Honesta e curiosamente, na minha vida, tais sensações pareceram provir apenas de experiências televisivas: a saber, V (mini-série de terror e ficção científica, exibida em meados da década de 80) e as primeiras temporadas de Twin Peaks. De resto, o horror cinematográfico raramente me suscitou um inesquecível assomo de “agitação física”; obras como O Exorcista (The Exorcist) ou História de Duas Irmãs (Janghwa, Hongryeon) estão, definitivamente, entre os meus eleitos do género, todavia são filmes que me perturbam mais pelo teor implícito que revelam do que pelo seu grafismo.
Mas, de facto, e na minha idade adulta, há um filme que toca a (má) reacção pós-visionamento: Anticristo (Antichrist), de Lars von Trier. Saído do Festival de Cannes 2009 envolto em acalorada polémica, e o fruto da luta do realizador contra uma depressão que quase o incapacitou de trabalhar, Anticristo é veículo de terror – psicológico e sobrenatural – apropriadamente sombrio e grotesco, e um alvo fácil de escândalo mediático pela misoginia intensa e violência gráfica que patenteia.
Desde a sua sequência inicial, percebemos que von Trier não poupa nada nem ninguém. Filmada em extremo slow motion, somos confrontados com o êxtase de uma cena de sexo entre o casal protagonista (Willem Dafoe e Charlotte Gainsbourg, aqui somente designados como Ele e Ela), um momento de “distracção” durante o qual o bebé do casal cai, fatalmente, de uma janela aberta. Crivada pela mágoa, Ela sucumbe a profunda depressão, responsabilizando-se pela perda e encarando a calma do marido como insensibilidade. Ele, um terapeuta experiente, decide assumir o tratamento da esposa e, durante este processo, decide que a viagem a uma cabana isolada — apelidada de Éden — no meio da floresta ajudará à sua recuperação psicológica.

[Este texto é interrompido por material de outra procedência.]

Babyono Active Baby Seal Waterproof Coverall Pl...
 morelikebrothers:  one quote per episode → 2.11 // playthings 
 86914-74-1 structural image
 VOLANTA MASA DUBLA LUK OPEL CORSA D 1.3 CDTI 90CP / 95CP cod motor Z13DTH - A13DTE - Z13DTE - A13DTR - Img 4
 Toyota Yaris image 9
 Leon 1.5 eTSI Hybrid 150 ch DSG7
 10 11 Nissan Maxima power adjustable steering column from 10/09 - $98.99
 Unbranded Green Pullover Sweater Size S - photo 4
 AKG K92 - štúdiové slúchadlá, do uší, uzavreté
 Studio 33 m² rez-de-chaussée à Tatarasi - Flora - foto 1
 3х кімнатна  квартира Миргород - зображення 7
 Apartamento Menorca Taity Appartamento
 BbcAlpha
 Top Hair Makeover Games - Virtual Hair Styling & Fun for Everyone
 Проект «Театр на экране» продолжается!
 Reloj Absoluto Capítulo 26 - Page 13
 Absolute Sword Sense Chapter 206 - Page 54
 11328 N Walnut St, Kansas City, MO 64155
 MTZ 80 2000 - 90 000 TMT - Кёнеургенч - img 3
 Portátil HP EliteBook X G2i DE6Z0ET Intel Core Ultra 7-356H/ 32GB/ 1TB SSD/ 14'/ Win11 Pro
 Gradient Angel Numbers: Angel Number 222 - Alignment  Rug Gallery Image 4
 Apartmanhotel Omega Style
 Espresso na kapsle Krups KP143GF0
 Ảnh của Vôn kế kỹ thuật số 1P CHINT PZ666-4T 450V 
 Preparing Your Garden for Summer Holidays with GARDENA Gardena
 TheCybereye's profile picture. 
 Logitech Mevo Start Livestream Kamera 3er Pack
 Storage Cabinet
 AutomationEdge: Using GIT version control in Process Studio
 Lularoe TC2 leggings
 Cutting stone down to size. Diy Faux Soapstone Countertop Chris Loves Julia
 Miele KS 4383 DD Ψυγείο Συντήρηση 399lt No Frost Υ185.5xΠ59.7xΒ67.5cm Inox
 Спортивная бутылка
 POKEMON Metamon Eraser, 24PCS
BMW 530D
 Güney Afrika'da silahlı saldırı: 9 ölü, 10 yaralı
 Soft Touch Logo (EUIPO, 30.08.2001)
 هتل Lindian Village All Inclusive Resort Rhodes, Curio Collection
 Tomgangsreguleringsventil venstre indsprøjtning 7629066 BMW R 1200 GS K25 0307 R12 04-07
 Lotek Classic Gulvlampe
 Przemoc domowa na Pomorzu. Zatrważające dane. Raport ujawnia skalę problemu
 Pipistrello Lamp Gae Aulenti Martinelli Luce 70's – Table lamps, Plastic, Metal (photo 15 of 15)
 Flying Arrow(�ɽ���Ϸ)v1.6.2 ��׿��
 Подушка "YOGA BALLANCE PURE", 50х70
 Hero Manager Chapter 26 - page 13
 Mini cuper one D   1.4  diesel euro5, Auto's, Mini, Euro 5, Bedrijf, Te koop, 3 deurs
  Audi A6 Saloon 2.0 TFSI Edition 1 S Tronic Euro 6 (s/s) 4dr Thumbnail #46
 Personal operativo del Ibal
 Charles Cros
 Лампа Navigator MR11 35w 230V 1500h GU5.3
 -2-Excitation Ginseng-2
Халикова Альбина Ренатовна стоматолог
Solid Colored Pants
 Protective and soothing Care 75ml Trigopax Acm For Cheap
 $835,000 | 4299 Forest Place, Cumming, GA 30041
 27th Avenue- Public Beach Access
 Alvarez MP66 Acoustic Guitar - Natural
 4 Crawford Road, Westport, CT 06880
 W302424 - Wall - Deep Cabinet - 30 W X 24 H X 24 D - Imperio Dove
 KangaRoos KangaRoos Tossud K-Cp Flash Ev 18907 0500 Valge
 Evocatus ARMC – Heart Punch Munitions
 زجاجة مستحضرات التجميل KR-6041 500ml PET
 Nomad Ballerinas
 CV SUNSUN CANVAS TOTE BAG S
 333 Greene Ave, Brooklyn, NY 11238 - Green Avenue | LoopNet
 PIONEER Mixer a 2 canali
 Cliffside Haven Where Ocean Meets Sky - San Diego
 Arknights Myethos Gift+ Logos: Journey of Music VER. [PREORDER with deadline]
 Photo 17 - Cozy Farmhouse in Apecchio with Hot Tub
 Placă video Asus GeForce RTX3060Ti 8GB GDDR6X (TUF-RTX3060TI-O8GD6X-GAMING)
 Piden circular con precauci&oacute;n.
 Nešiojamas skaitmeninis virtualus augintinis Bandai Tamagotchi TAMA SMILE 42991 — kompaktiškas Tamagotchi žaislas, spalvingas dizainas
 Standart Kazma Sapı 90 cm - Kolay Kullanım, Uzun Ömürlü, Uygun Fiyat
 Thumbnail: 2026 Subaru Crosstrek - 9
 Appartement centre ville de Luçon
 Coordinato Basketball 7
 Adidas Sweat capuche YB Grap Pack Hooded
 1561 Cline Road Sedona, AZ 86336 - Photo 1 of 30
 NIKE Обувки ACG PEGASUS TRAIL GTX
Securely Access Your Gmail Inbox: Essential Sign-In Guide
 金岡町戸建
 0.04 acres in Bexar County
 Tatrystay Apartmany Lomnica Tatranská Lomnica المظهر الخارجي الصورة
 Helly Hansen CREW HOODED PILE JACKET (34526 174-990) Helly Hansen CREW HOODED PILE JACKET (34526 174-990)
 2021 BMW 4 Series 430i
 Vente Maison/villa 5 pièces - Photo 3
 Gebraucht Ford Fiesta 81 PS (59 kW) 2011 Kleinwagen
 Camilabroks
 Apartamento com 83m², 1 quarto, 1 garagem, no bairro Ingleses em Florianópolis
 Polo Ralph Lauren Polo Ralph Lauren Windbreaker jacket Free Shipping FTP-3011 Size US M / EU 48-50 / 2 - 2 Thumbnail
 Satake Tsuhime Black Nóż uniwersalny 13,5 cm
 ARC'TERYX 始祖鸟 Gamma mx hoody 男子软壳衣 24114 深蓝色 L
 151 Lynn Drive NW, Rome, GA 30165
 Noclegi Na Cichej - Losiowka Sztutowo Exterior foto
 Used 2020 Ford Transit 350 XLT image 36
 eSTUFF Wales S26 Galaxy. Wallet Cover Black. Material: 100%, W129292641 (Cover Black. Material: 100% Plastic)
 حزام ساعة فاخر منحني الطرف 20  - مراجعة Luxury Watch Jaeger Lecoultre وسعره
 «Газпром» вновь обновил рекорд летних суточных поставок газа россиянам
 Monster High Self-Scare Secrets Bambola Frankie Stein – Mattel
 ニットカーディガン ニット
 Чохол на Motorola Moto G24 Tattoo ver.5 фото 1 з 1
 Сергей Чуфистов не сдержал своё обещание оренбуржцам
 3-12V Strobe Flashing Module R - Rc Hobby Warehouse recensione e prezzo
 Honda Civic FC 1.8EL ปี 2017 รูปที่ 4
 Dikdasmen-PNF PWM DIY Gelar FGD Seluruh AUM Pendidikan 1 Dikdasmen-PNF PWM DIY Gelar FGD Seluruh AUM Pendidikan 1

Assiste-se, de seguida, ao definitivo confronto físico e espiritual entre o casal que, rapidamente, evolui para a violência conjugal impiedosa, para um horror de índole realista e no sentido de uma “estética da agressão” que, na raia da pornografia, leva ao extremo a dicotomia sexo/morte.
A sua conclusão, de toada incerta e algo mística, apela sobremaneira à interpretação do espectador. Tenha sido por "o caos reinar", pelo subtexto(?) ou simplesmente pela violência, enfrentei um longo e profundo sentimento de mal estar: o filme não só me obrigou a desviar o olhar (lembram-se de não ser habitualmente impressionável?) perante “aquela” auto-mutilação da protagonista, como também me infundiu de uma depressão que se instalou nos dias seguintes, durante os quais, para o bem e para o mal, o filme simplesmente não me saiu do pensamento.